L'avenir nous dira si Pogacar est véritablement le vent de fraîcheur qui balaye le Tour depuis deux ans, ou un nouvel esbroufeur de grand calibre. Mais plus que lui, c'est le cyclisme slovène qui est très surveillé. La perquisition mercredi 14 juillet de l’hôtel Bahrain-Victorious - dont le patron Milan Erzen est slovène et qui a vu plusieurs de ses coureurs slovènes suspendus pour dopage dans l’opération Aderlass - n’a rien fait pour rassurer tous ceux qui doutaient déjà (mais toujours sans preuves) de la prise de pouvoir foudroyante des Slovènes sur le cyclisme mondial.
La formation de Pogacar, UAE-Emirates, n’y est pas liée, mais elle n’a pas échappé à la méfiance qui entoure le maillot jaune. A ce titre, le manager Mauro Gianetti cristallise toutes les inquiétudes. Le patron de la formation émiratie avait été entre la vie et la mort en 1998 après inoculation de perfluorocarbures (PFC), une substance du milieu hospitalier à titre expérimental, et qui produit les mêmes effets que l’EPO. Il était également le manager de la formation Saunier-Duval - une entreprise de chaudières, ça ne s'invente pas - qui employait Riccardo Ricco, contrôlé positif à l’EPO lors du Tour de France 2008.
Liaisons dangereuses
"Il y a des gens dans son entourage qui ont fait du mal au vélo par le passé. Maintenant, si on doit nettoyer toute la caravane du Tour de France de toutes les personnes qui ont fait du mal au vélo, on va se sentir seuls", déplorait à franceinfo Jérôme Pineau, le manager de la formation bretonne B&B Hôtels p/b KTM. Tout un environnement qui n’inspire pas à l’optimisme mais qui ne permet, pour ceux qui doutent, que des supputations sans preuves à l’heure actuelle.
Pogacar lui, s’est défendu autant qu’il pouvait. "Ce sont des questions inconfortables car l'histoire du cyclisme n'a pas été rose, mais je comprends totalement pourquoi il y a toutes ces questions", a expliqué le Slovène, dont le visage juvénile et le gabarit frêle tranchent avec certains robots aseptisés du passé. "Le cyclisme, pour moi, c'est un jeu. Je reste encore jeune, j'aime la vie. Si on ne s'amuse pas dans le sport que l'on fait, c'est qu'on n'a rien compris. Il faut s'amuser", rappelait-il samedi.
Proche de Gianetti depuis plusieurs années, "Pogi" veut faire partie du cyclisme de demain, celui qu’il incarne mieux que quiconque du haut de ses 22 ans.
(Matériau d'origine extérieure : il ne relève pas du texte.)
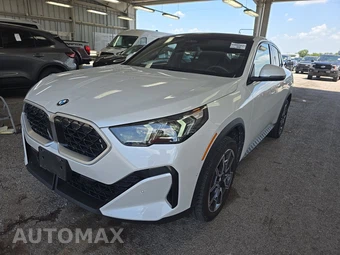 2026 BMW X2 Sports Activity Coupe xDrive28i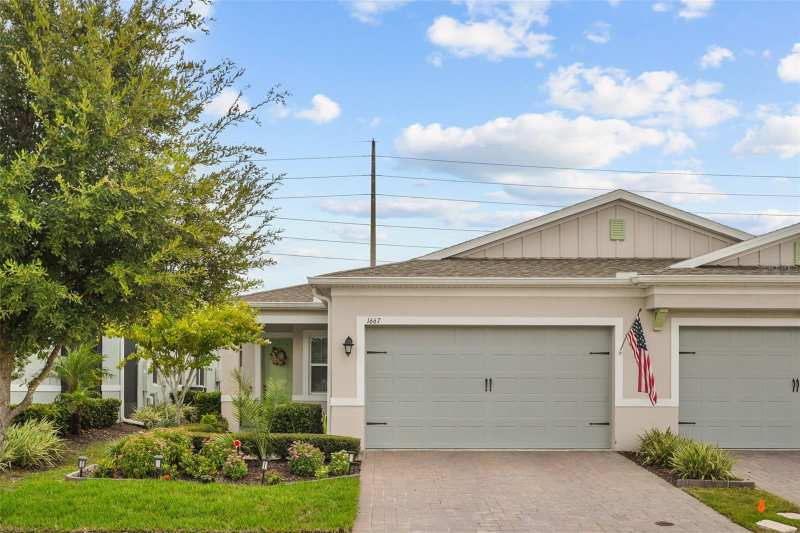 2 bedroom Villa at 1667 Key Bay Trail, Four Seasons At Orlando Pb 3B & 4A, Kissimmee — photo 1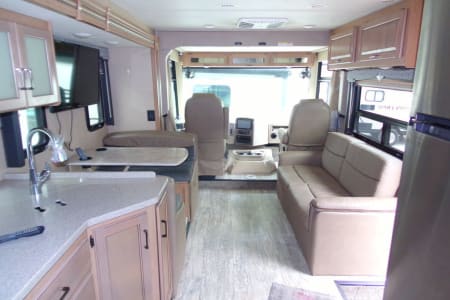 Johnson CityRV rentals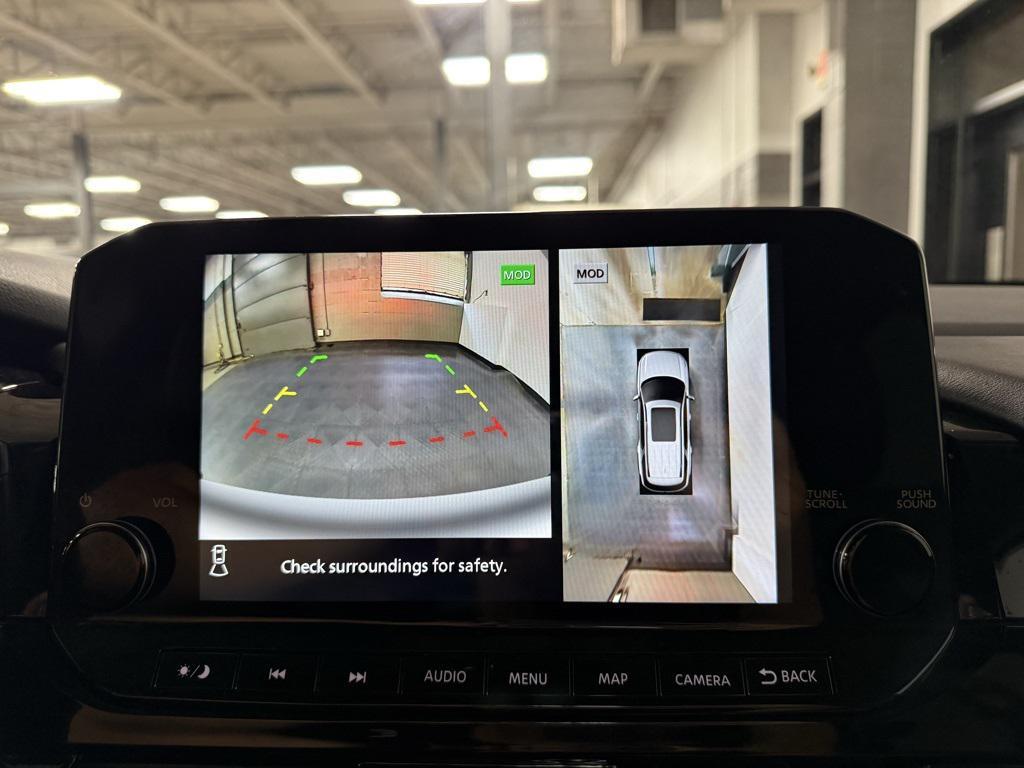 used 2023 Nissan Pathfinder car, priced at $38,950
La candeur de son visage est-elle la même que celle qui accompagne ses performances ? "Je pense que ce qui s’est passé appartient au passé. Le nouveau cyclisme est un sport bien plus beau qu'auparavant", a-t-il avancé, convaincu. On ne demande qu’à le croire. Que l'obscur qui gravite autour de ses victoires disparaisse pour qu'il ne reste que le clair.